Five Questions with First Years Continues: An Interview with Kristen Wilson
Originally from the southern side of the Golden State, by way of UC-Berkeley, Kristen Wilson arrives at UT-Austin with an investigative acumen, interests in film, foreign policy, and mid-20th century US-Germany connections, and a love for public educational institutions. For much more on Kristen's background, her plans for graduate study, and a bold attempt to answer American Studies' unanswerable question, keep on reading!
1) What is your background, academic or otherwise, and how does it motivate your teaching and research?
I’m originally from southern California, but I did my undergrad at the University of California, Berkeley, graduating with a B.A. in English and American Studies. I applied to Berkeley as an English major with the intention to pursue investigative journalism, but along the way I found American Studies and fell into research rabbit holes that I never wanted to crawl out of. My drive remains similar—to piece together stories from any and every source I can find, and then to share those stories and the consequences they bear to the broader public. Before I came to UT, I took a gap year working as a writing tutor for the honors thesis program at Berkeley and working in prepared foods for Whole Foods.
2) Why did you decide to come to AMS at UT for your graduate work?
For my project, there seemed no better collection of people and resources than here in Austin. The culture of the department also struck me as remarkably supportive and open, both on a personal and academic level. Additionally, there’s something particularly special about public institutions that I can’t seem to get away from. It’s easy not to believe in anything nowadays, but the mission here seems clear, urgent, and essential.

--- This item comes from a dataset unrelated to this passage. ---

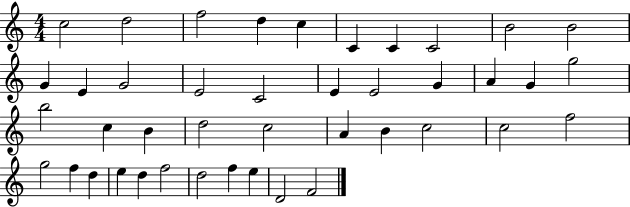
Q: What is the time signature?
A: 4/4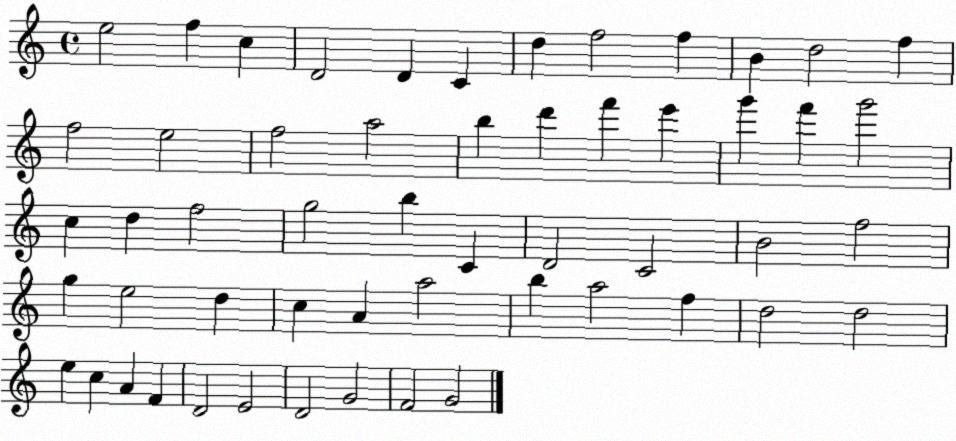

3) What projects or people have inspired your work?
It’s difficult to name just a few, but I’ll make the attempt. Over the course of my time at Berkeley, I worked with Professor Kathleen Moran, Professor Michael Cohen, Professor Christine Palmer, Professor Andy Shanken, and Professor Justin Gomer on long-form projects that allowed me to develop a breath and depth of interests—I never once talked to one of them without receiving helpful advice or some measure of orientation, their own bodies of work encouraging me to take risks and pursue my interests, whatever they might be. I owe the inspiration for my current project to a visit to the German Museum of Film and Television in Berlin, an other-worldly experience that I hope to repeat at some point in the near future.
4) What projects do you see yourself working on at UT?

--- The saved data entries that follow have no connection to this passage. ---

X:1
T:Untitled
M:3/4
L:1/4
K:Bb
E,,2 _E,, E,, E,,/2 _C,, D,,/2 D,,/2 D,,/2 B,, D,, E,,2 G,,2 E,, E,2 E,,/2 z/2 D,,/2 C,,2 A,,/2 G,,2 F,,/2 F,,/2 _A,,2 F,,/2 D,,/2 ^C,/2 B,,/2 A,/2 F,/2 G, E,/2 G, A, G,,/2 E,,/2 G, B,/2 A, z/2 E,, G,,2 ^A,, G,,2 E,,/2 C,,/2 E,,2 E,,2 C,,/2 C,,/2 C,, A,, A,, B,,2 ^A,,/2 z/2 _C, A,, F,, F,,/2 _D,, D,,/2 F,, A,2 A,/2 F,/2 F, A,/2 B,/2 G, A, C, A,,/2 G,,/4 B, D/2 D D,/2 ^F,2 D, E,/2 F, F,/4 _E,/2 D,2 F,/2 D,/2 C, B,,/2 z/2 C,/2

My hope is to develop a dissertation on the business and politics of exporting American films to Germany in the postwar period, looking at the relationships between the American State Department, the MPEA in Hollywood, the American Department of Defense, the West German film industry, and the West German government. I anticipate that the ultimate thrust of the project will be an analysis of the ways in which American culture was simultaneously commercialized and used as propaganda in the early period of the Cold War, all in the hopes of understanding something fundamental about the ways in which the United States uses culture abroad to accomplish political aims.

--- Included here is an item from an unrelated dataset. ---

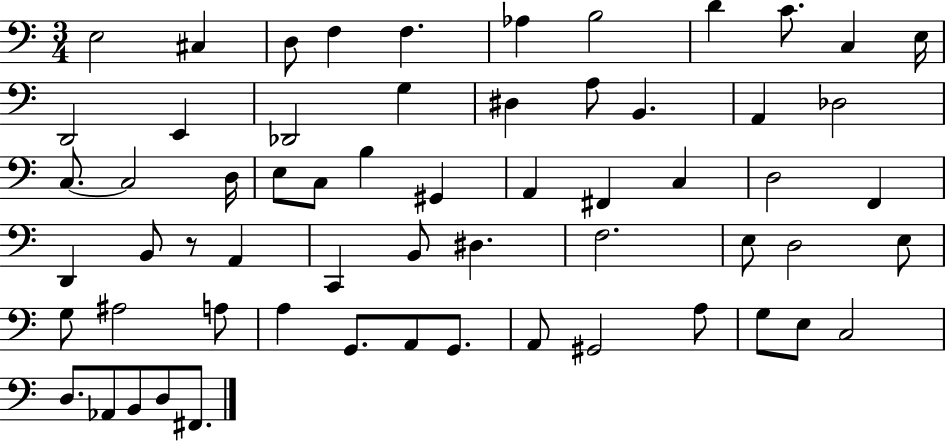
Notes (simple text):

E3/h C#3/q D3/e F3/q F3/q. Ab3/q B3/h D4/q C4/e. C3/q E3/s D2/h E2/q Db2/h G3/q D#3/q A3/e B2/q. A2/q Db3/h C3/e. C3/h D3/s E3/e C3/e B3/q G#2/q A2/q F#2/q C3/q D3/h F2/q D2/q B2/e R/e A2/q C2/q B2/e D#3/q. F3/h. E3/e D3/h E3/e G3/e A#3/h A3/e A3/q G2/e. A2/e G2/e. A2/e G#2/h A3/e G3/e E3/e C3/h D3/e. Ab2/e B2/e D3/e F#2/e.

5) What are your goals for graduate school? What do you see yourself doing after you graduate?
In my time here, I hope to engage in discussions with a broader community of scholars at all levels and improve my own work and the work of those around me in doing so; as much as I have to learn from faculty and the graduate students ahead of me, I hope to offer what I can to them and to the undergraduates passing through the department and university as a whole. If even one student leaves a better thinker and writer for my efforts, I’ll consider that aspect of my time here a success. Additionally, I would like to build myself up as a researcher and produce a dissertation that can be turned to some public use.
After I graduate, I see myself pursuing a career in academia or in another research setting; that said, it’s some time away and I’d let myself off the hook if something more compelling turned up.
Bonus Question: In your own words--what is American Studies?
I think this question might qualify as hazing, but I’ll give it my best go.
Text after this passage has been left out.